Três minutos. Seria o mar batendo tão forte na rocha? E (faltavam dois minutos) que barulho esquisito de trituração era aquele? Será que a rocha estava se desintegrando no mar?
Mais um minuto e ele completaria onze anos. Trinta segundos... vinte... dez – nove — Talvez acordasse Duda, só para aborrecê-lo —
- Faça isso, faça isso! – torceu Sirius alegremente.
Três – dois – um...
BUM.
Os dois homens pularam e olharam acusadoramente para o garoto, que gritara bem alto. Tinha levado um susto pela vida inteira!
O casebre todo estremeceu e Harry sentou-se reto, arregalando os olhos para a porta. Havia alguém lá fora, que batia, querendo entrar.
- Quem, quem? – Sirius perguntou ansioso. Era amigo ou inimigo? Iria ajudar seu afilhado? Ou machucá-lo? Tão logo o pensamento surgiu e ele começou a rosnar.
- Você verá – vendo o sorriso no rosto de Harry, ele despreocupou-se um pouco. Se ele sorria, com certeza tinha sido algo bom.
Remo tentou iniciar uma conversa, mas, aparentemente, Harry já sabia do que ele falaria e logo disse: - Conversaremos sobre meus parentes no próximo capítulo, Remo.

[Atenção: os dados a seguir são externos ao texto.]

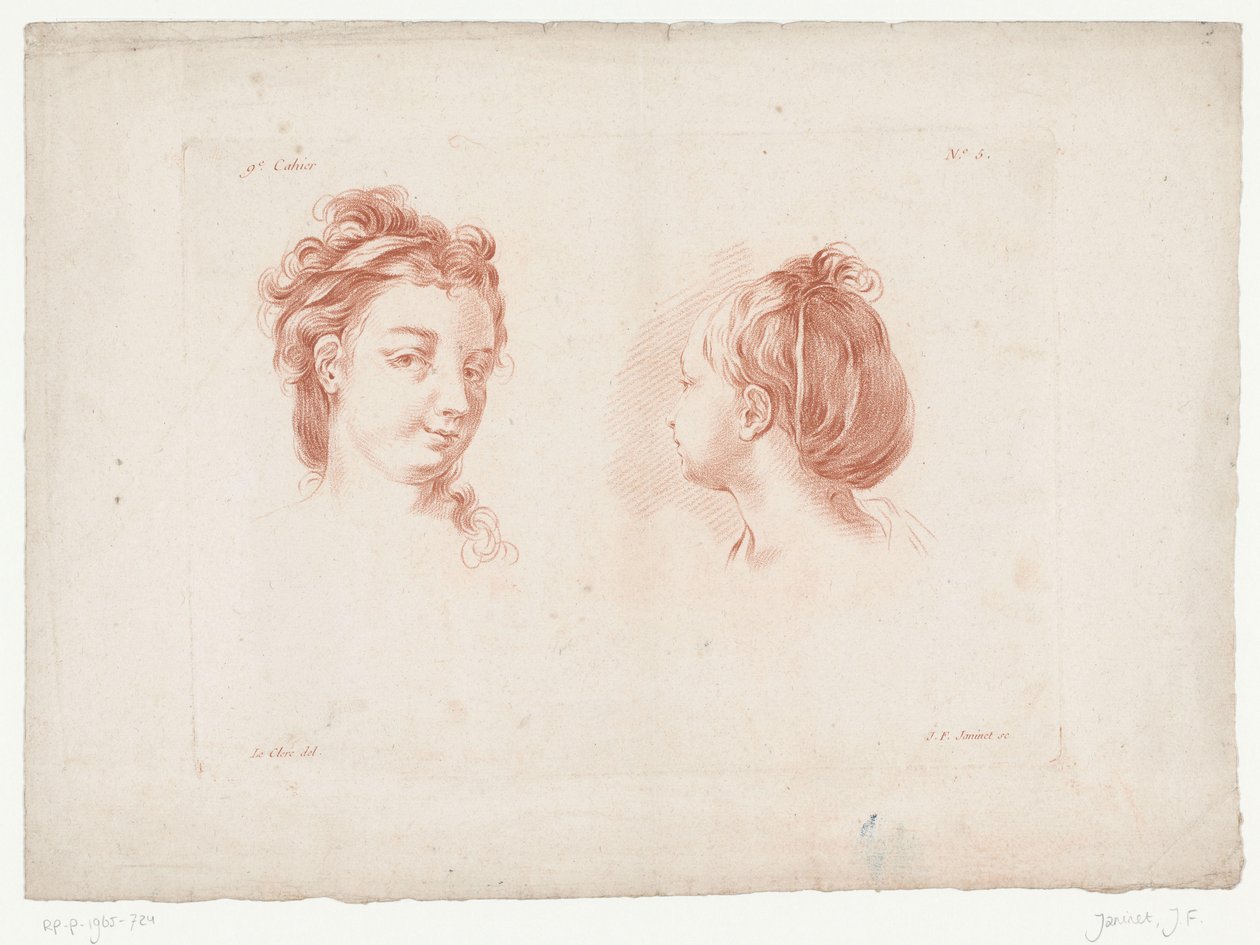 Twee vrouwenhoofden door Jean-Francois Janinet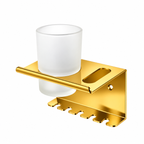 Toothbrush & Toothpaste Holder with Tumbler Stainless 304 Gold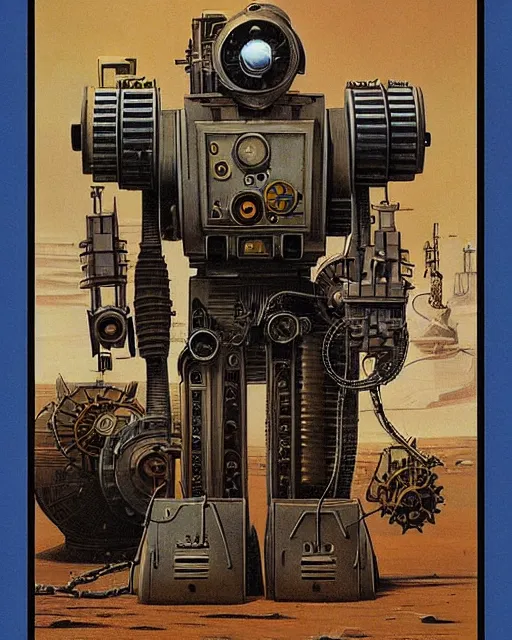 Prompt: steampunk robot, half body by ralph mcquarrie and frank lloyd frank lloyd and bruce pennington and ted nasmith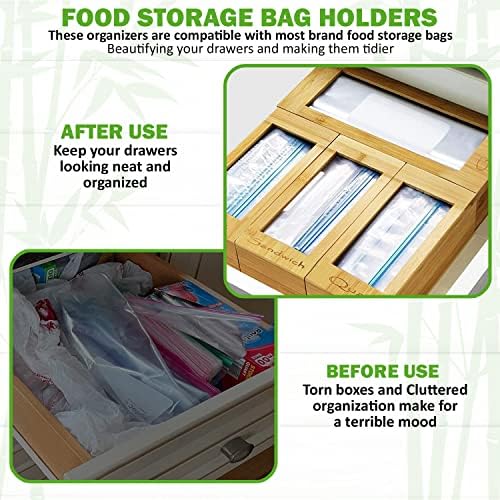 GreenSpace Bambusz Élelmiszer-Tároló Táska Szervező (4 box set) a konyhapulton, a Fiókban, vagy Falra Szerelhető - Kompatibilis Liter, Liter,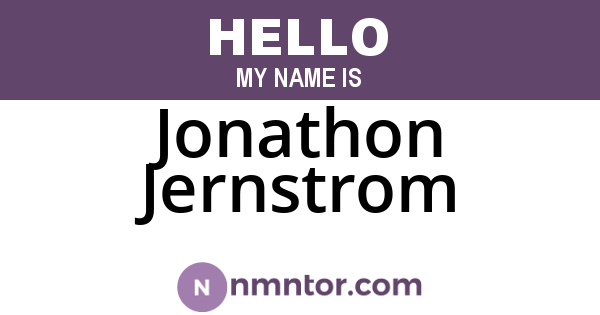 Jonathon Jernstrom
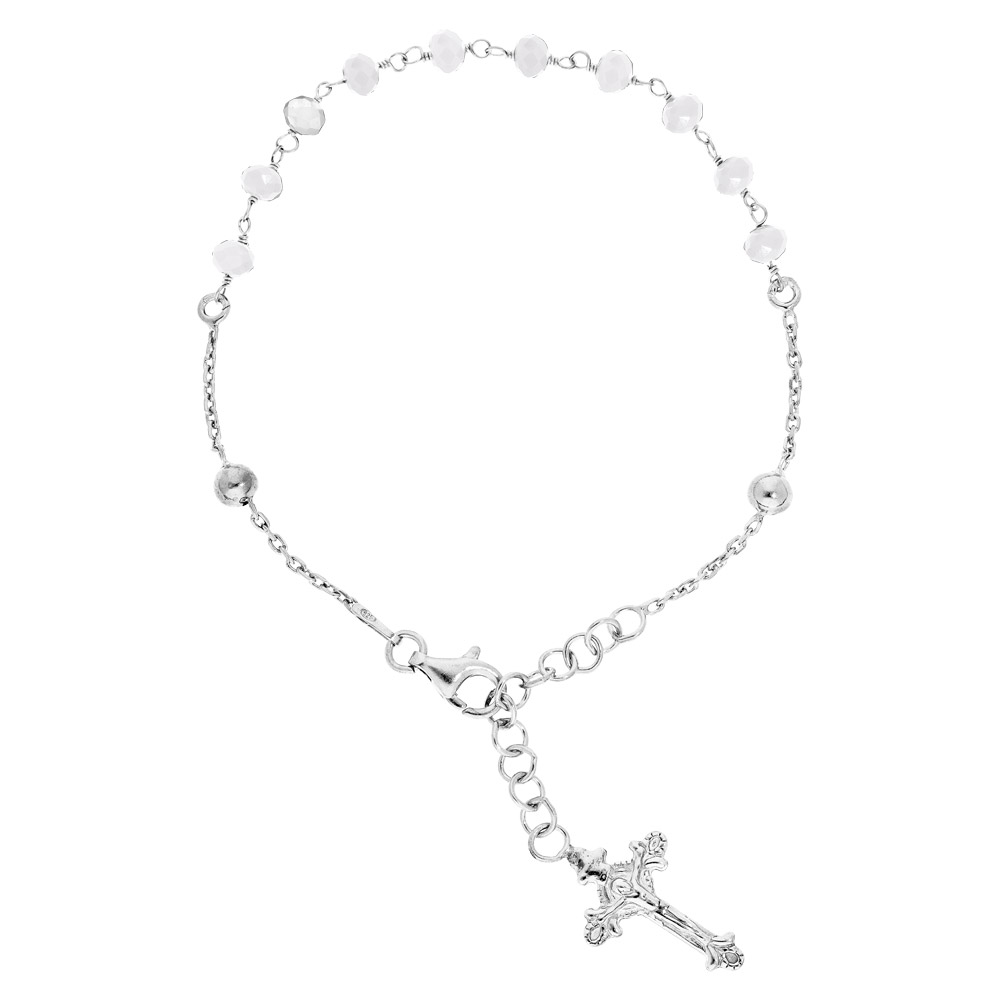 Bracelet en argent rhodi� chapelet et pierres facett�es blanches 16,5+2,5cm - Vue 1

Afinal, ainda temos mais um inteiro com eles.
O lobisomem suspirou, não era exatamente isso que ele queria. Mas vendo que Harry não parecia muito confortável em falar disso agora, somente pegou o livro depositado na cama e abriu-o.
O moreno, aliás, rolou do colo do padrinho, que pareceu meio triste pelo fato. Esticando as pernas, o garoto tirou o cobertor: - Que calor! – e, com um sorriso alegre e inocente, que logo fez a tristeza de Sirius ir embora, voltou-se para Remo.
Sem perder tempo, o lobisomem leu: "O Guardião das Chaves".